The above example strengthens the Achilles and ankle joint in all directions. Pushing your foot to the left or right against something immoveable, and pushing down (as above) and pulling up.
It’s also important at this stage to introduce some gentle stretching exercise. These will help to further increase your range of motion and prepare your Achilles for more strenuous activity to come. While working on increasing the flexibility of your Achilles, it’s also important to increase the flexibility of the muscle groups around the injured area. These include the calf muscles, and the anterior muscles of your shin.
Stretching is one of the most under-utilized techniques for improving athletic performance, preventing sports injury and properly rehabilitating sprain and strain injury. Don’t make the mistake of thinking that something as simple as stretching won’t be effective.
Balance and Proprioception
This phase of the rehabilitation process, often overlooked, is one of the main reasons why old injuries keep re-occurring. Once you feel some strength returning to your Achilles it’s time to incorporate some balancing drills and exercises.
When muscles and tendons are torn, nerves sustain damaged. These nerves send vital information to the brain about the specific position and location of the Achilles tendon and ankle joint in relation to the rest of your body.

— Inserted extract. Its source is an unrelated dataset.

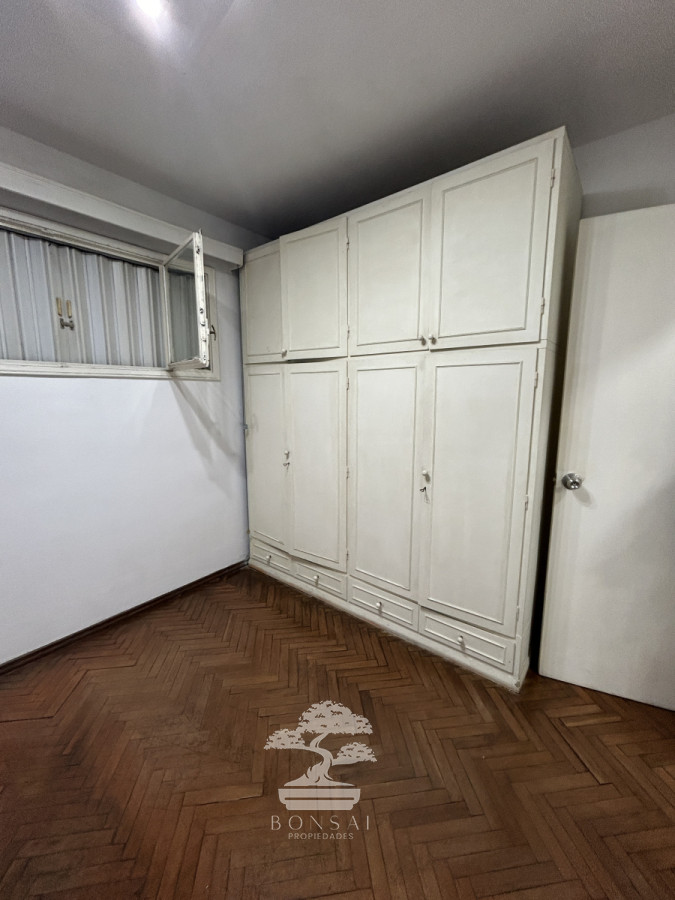 Casa ID.668 - Alquiler Casa 2 dormitorios  buceo Montevideo lr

Without this information the muscles, tendons and ligaments are constantly second-guessing the position of the Achilles and ankle joint. This lack of awareness about the position of the lower leg can lead to a re-occurrence of the same injury long after you thought it had completely healed.

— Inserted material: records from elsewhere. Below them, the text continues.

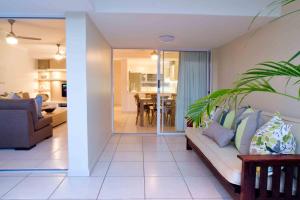 D3 Sea Lodge - by Stay in Umhlanga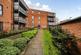 Additional image 11 of Bridge Road East, Welwyn Garden City, Hertfordshire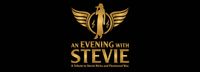 w/ Stevie Nicks Tribute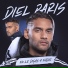 Diel Paris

Balancing exercises are important to help re-train the damaged nerves around your lower leg and ankle joint. Start with simple balancing exercises like walking along a straight line, or balancing on a beam. Progress to one-leg exercises like balancing on one foot, and then try the same exercises with your eyes closed.
When you’re comfortable with the above activities, try some of the more advanced exercises like wobble or rocker boards, Swiss balls, stability cushions and foam rollers.
Plyometrics and Sports Specific Exercises
This last part of the rehabilitation process will aim to return your Achilles to a pre-injury state. By the end of this process your Achilles should be as strong, if not stronger, than it was before you injured it.
This is the time to incorporate some dynamic or explosive exercises to really strengthen up your Achilles tendon and improve your proprioception. Start by working through all the exercises you did above, but with more intensity.
For example, if you were using light isometric exercises to help strengthen your Achilles and calf muscles, start to apply more force, or start to use some weighted exercises.
From here, gradually incorporate some more intense exercises. Exercises that relate specifically to your chosen sport are a good place to start. Things like skill drills and training exercises are a great way to gauge your fitness level and the strength of your Achilles and lower leg.
To put the finishing touches on your Achilles recovery, I always like to do a few plyometric drills. Plyometric exercises are explosive exercises that both lengthen and contract a muscle at the same time. These are called eccentric muscle contractions and involve activities like jumping, hoping, skipping and bounding.
These activities are quite intense, so remember to always start off easy and gradually apply more and more force with each stretch. Don’t get too excited and over-do-it, you’ve come too far to do something silly and re-injure your Achilles.